The Brand Gap

The Brand Gap

Author – Marty Neumeier

Marty Neumeier

The Nature of Economies – Jane Jacobs

What is a brand?

  • A brand is not a logo. It’s merely a symbol of it.
  • A brand is not a corporate identity system.
  • A brand is not a product.
A brand is a person's gut feeling about a product, service, or company.

Each person creates his or her own version of it. While companies can’t control this process, they can influence it by communicating the qualities that make this product different from that product. When enough individuals arrive at the same gut feeling, a company can be said to have a brand. In other words, a brand is not what YOU say it is. It’s what THEY say it is.

To compare a brand with its competitors, we only need to know what makes it different.

  • What does the product look like?
  • Where is it being sold?
  • What kind of people buy it?
  • Which “tribe” will I be joining if I buy it?
  • What does the cost say about its desirability?
  • What are other people saying about it?
  • And finally, who makes it?
    The degree of trust I feel towards the product, rather than an assessment of its features and benefits, will determine whether I’ll buy this product or that product.
  • Trust creation is a fundamental goal of brand design.
  • Trust is the ultimate shortcut to a buying decision, and the bedrock of modern branding.
  • Use design to encourage trust.
  • You need to care more about sales, service, quality, and marketing.

Stand for things that people want:

  • joy
  • intelligence
  • strength
  • success
  • comfort
  • style
  • motherly love
  • imagination

Among the hallmarks of a charismatic brand are a clear competitive stance, a sense of rectitude, and a dedication to aesthetics.

People value feeling more than information.

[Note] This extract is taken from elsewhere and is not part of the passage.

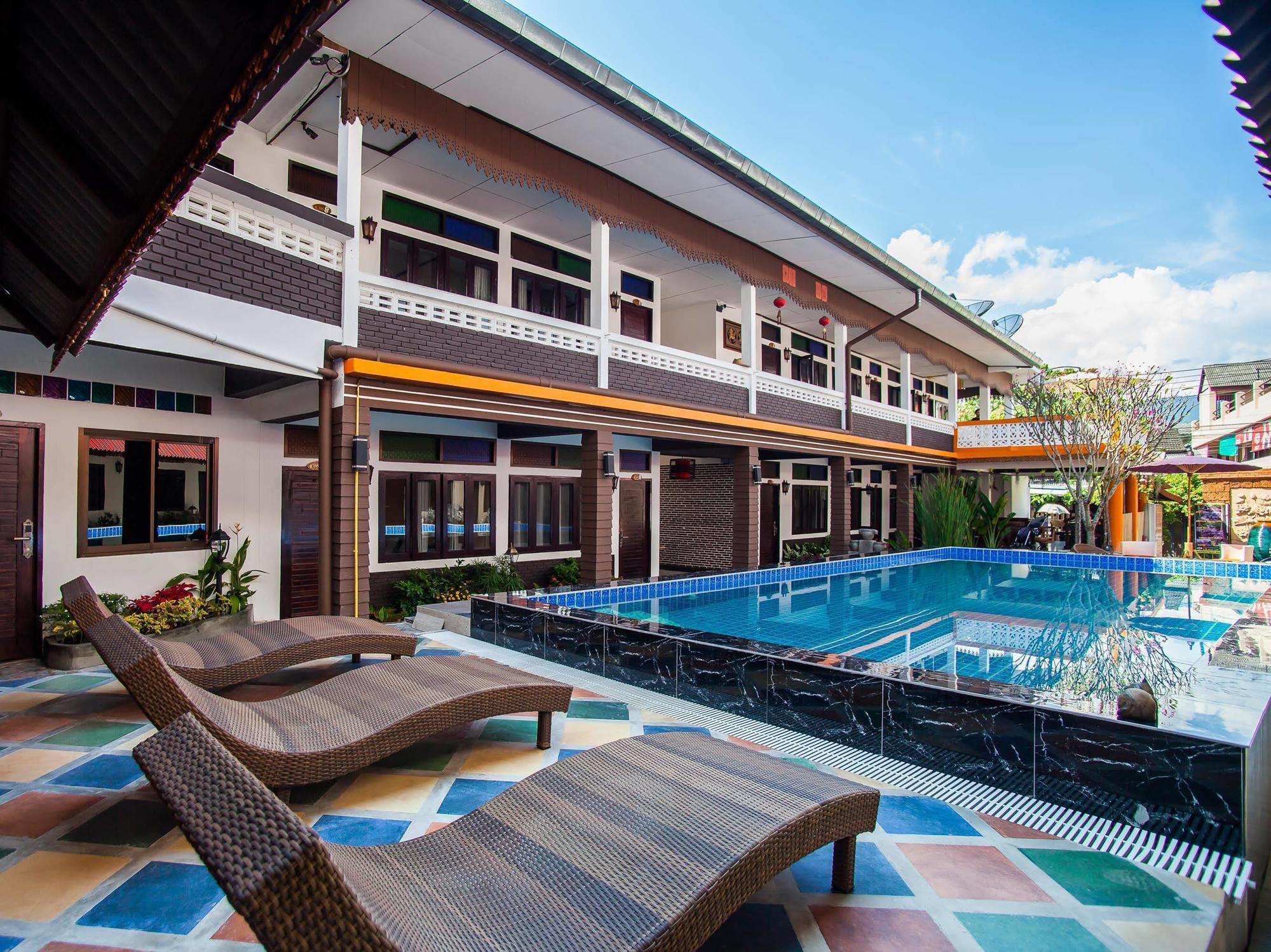 Somwang Boutique Hotel Chiang Mai Exterior foto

Aesthetics is so powerful that it can turn a commodity into a premium product.

There are no dull products, only dull brands. You need to master the five disciplines of branding: differentiate, collaborate, innovate, validate, cultivate.


Demand unambiguous answers to 3 little questions:

  1. Who are you?
  2. What do you do?
  3. Why does it matter?
    Unless you have compelling answers to all three questions, meaning that customers find them irresistible, you haven’t got a brand.

Keep it pure, keep it different.

Branding has 5 goals:

  1. identify
  2. inform
  3. entertain
  4. persuade
  5. differentiate

Selling has evolved from an emphasis on “what it has,” to “what it does,” to “what you’ll feel,” to “who you are.”

While features and benefits are still important to people, personal identity has become even more important.

Instead of building a brand on USP (the Unique Selling Proposition of a product), they should pay more attention to “UBS” (the Unique Buying State of their customers).

As a customer, if you begin to feel that the company understands me that well, their products are probably pretty good.

A brand creates a kind of tribe.

The most important word in branding: focus.

A focused brand, knows exactly what it is, why it's different, and why people want it.

“Differentiate or die.” – Jack Trout


The most important shift in business today is from “ownership” to “partnership,” and from “individual tasks” to “collaboration.”
The successful company is not the one with the most brains, but the most brains acting in concert.


“Would you persuade, speak of interest, not of reason” – Benjamin Franklin

Names constructed from Greek and Latin root words tend to be low-imagery names.
Names that use Anglo-Saxon words, or the names of people, tend to be high-imagery names, producing vivid mental pictures that aid recall.

7 Criteria For A Good Name:

  1. Distinctiveness. Does it stand out from the crowd, especially from other names in its class? Does it separate well from ordinary text and speech? The best brand names have the “presence” of a proper noun.
  2. Brevity. Is it short enough to be easily recalled and used? Will it resist being reduced to a nickname? Long multi-word names will be quickly shortened to non-communicating initials.
  3. Appropriateness. Is there a reasonable fit with the business purpose of the entity? If it worked just as well, or better for another entity, keep looking.
  4. Easy Spelling And Pronunciation. Will most people be able to spell the name after hearing it spoken? Will they be able to pronounce it after seeing it written? A name shouldn’t turn into a spelling test or make people feel ignorant.
  5. Likability. Will people enjoy using it? Names that are intellectually stimulating, or provide a good “mouth feel,” have a head start over those that don’t.
  6. Extendibility. Does it have “legs”? Does it suggest a visual interpretation or lend itself to a number of creative executions? Great names provide endless opportunities for brand play.
  7. Protectiability. Can it be trademarked? Is it available for web use? While many names can be trademarked, some names are more defensible than others, making them safer and more valuable in the long run.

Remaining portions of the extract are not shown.